Para ese entonces, ya había conseguido un trabajo en un periódico pequeño, al otro lado de la bahía, en Richmond, la ciudad donde Henry Kaiser había construido las flotas de los “Liberty
Ships” (los “buques de la libertad”), durante la Segunda Guerra Mundial. Cuando me contrataron, entendí que mi carrera había comenzado, de modo que nunca pedí un título. Sin embargo, lo que
aprendí nunca se desperdició, sino que forma parte del caudal de conocimientos que todo buen periodista debe poseer. Nuestra situación doméstica era mejor, pero todavía no era la ideal.
Hacia fines de 1952, nos mudamos del pequeño apartamento en San Francisco a lo que habían sido las viviendas temporarias para los trabajadores del astillero de Richmond durante la guerra,
una serie de unidades tipo caja, que estaban desparramadas en un área que se llamaba Triangle Village. Nuestra nueva vivienda no era del todo adecuada y, además, era peligrosa y ruidosa. Las
vías del ferrocarril sin cercas, que corrían a la vera del terreno, ponían en peligro a los niños, incluyendo a nuestra hija Cindy. El estruendo de los trenes, las 24 horas del día,
perturbaban la serenidad que Triangle ofrecía y hacía que dormir una noche entera fuera imposible. Comenzamos a buscar un lugar mejor y más seguro para que la familia creciera, y, otra vez,
recurrimos a la Ley del Soldado. Después de semanas de búsqueda, encontramos lo que deseábamos: una casa en las colinas, con vista a Richmond, que estaba en construcción. El constructor
pedía $12.500. Mientras tanto, yo me había presentado en la Veterans Administration para solicitar un préstamo bajo la Ley del Soldado, y el 18 de febrero de 1954, recibí el certificado de
elegibilidad. Contra toda probabilidad, con un salario de $75 a la semana que me pagaba el periódico, pudimos comprar la casa, sin pago inicial, con un préstamo garantizado, en parte, por el
Tío Sam y con una tasa de interés del cuatro por ciento; todo esto gracias a un gobierno que yo pensaba que nos había abandonado. Todavía guardo ese certificado. Nuestra segunda hija,
Linda, nació en el hogar donde vivimos por diez años antes de mudarnos a un lugar más grande, sobre un terreno de dos acres, al pie del Monte Diablo.

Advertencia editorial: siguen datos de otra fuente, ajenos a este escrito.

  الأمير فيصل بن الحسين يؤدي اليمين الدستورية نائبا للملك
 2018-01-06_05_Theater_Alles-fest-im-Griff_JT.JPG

Mi carrera florecía en el Oakland
Tribune, cuando llegó nuestro hijo Allen, y, más tarde, alcanzó nuevas alturas cuando pasé al Los Angeles Times, donde compartí tres medallas doradas de los Premios Pulitzer, primero como
periodista y, luego, como columnista. En 2000, ya periodista ganador del Premio Pulitzer, Al Martinez regresó a Corea. La Ley del Soldado les brindó a los veteranos un empuje tanto emocional
como financiero. Esto es especialmente cierto para los que peleamos en la Guerra de Corea y volvimos no para el reconocimiento, sino al silencio. Me abrió la puerta a una carrera llena de
honores que prosiguió por 57 años. Al permitirme continuar mi educación y comprar mi primera casa, la Ley del Soldado le dio a toda mi familia un nuevo punto de partida. Fue el
agradecimiento supremo de Estados Unidos, por un año en la guerra.